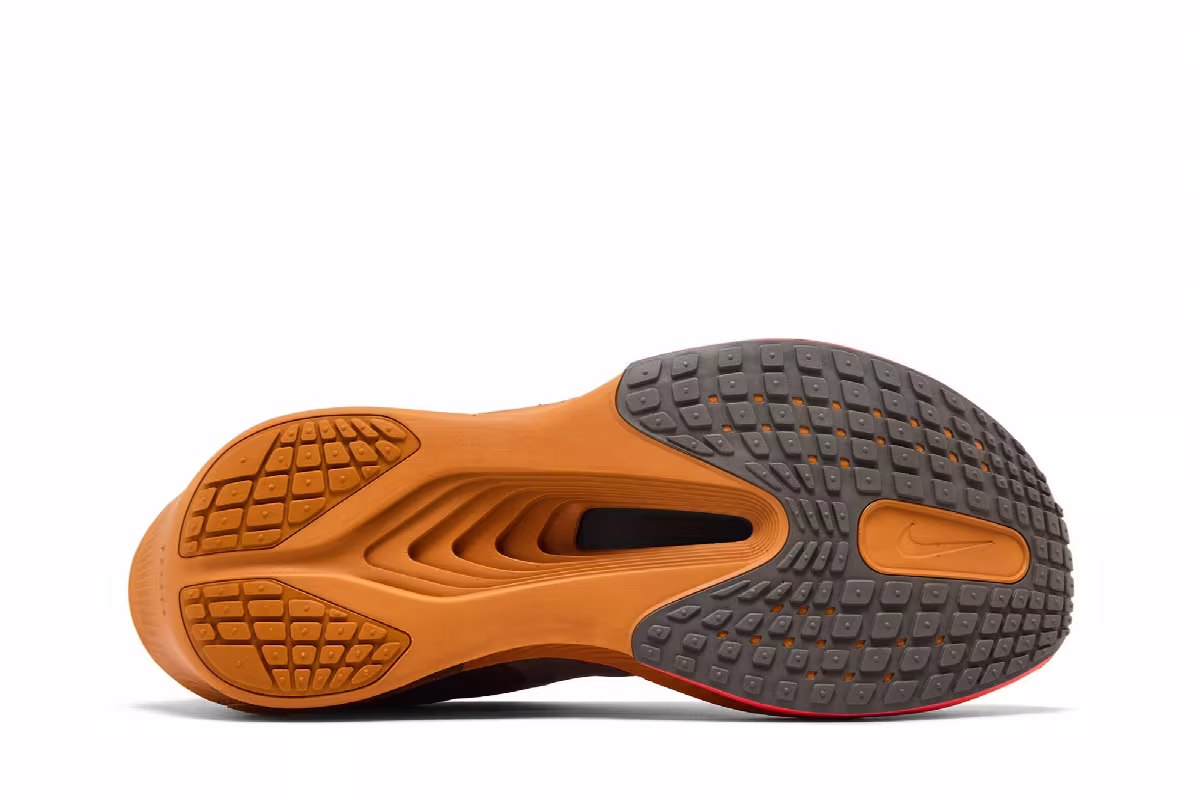 Nike Zoom Fly 6 Running Poets, view 5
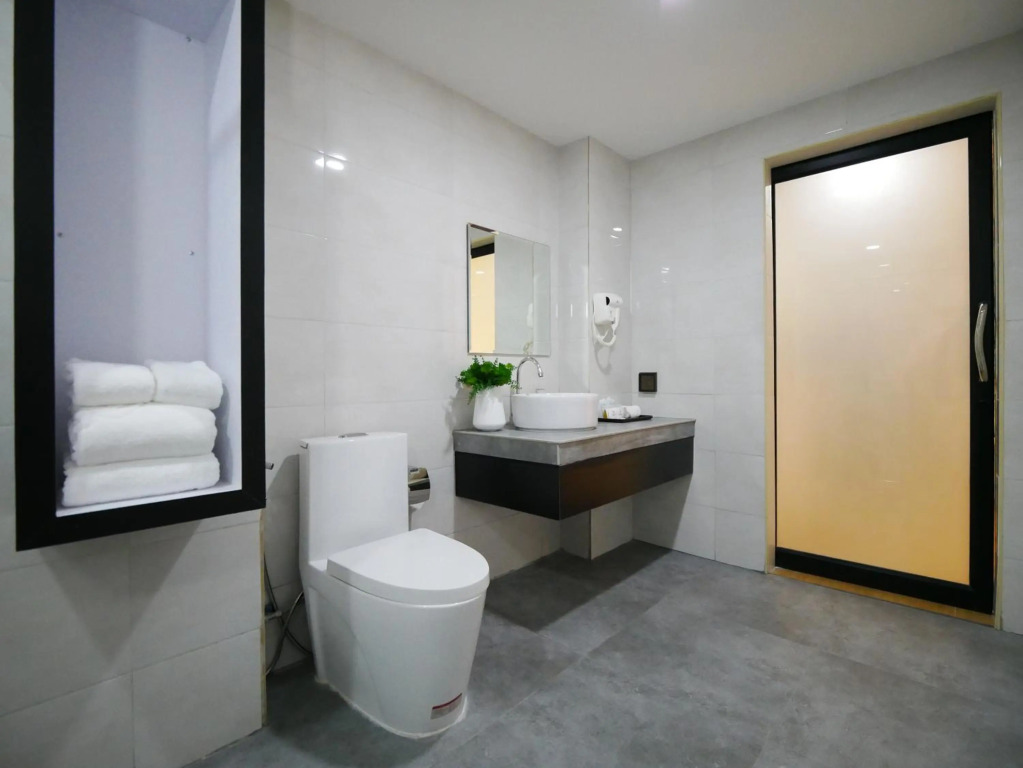 The Kinn Bangkok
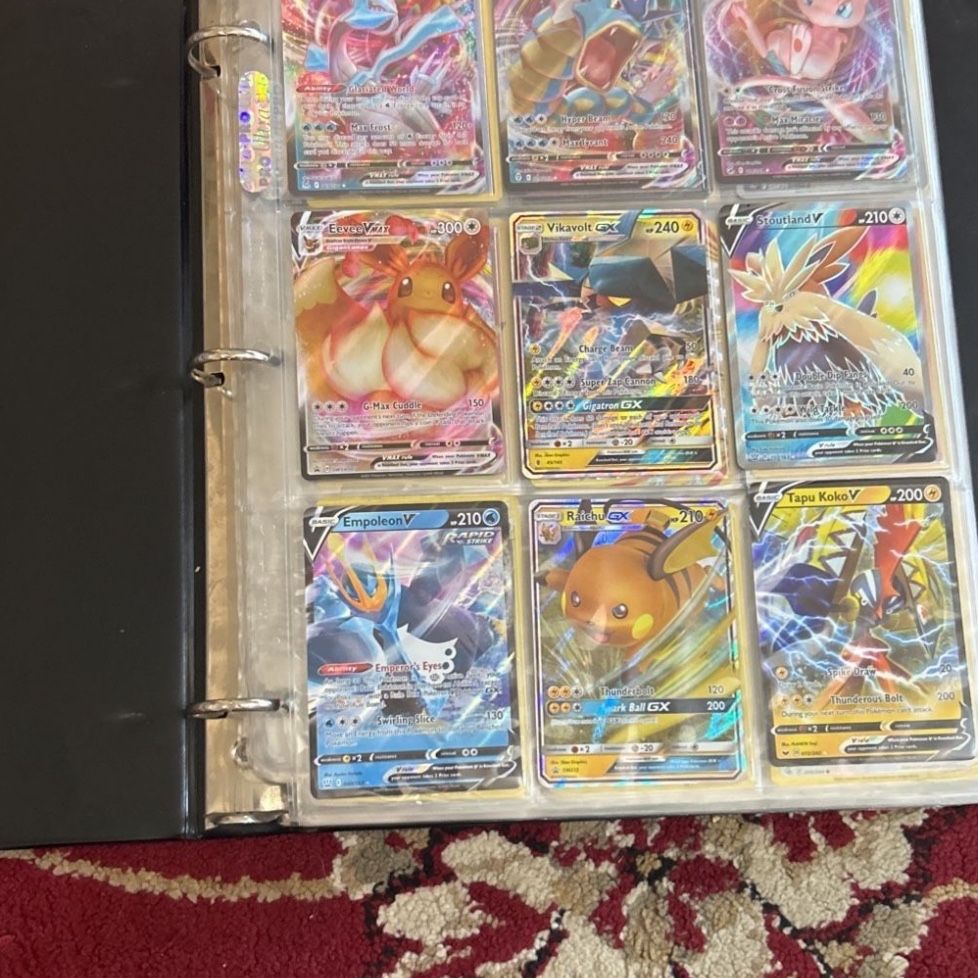 how many cards were in the original pokemon set The ENTIRE History of Pokmon Cards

- [THE TASK]
The required output is each line above restated verbatim, with all images omitted.

- [ANSWER SPACE]
 Nike Zoom Fly 6 Running Poets, view 5
 The Kinn Bangkok
 how many cards were in the original pokemon set The ENTIRE History of Pokmon Cards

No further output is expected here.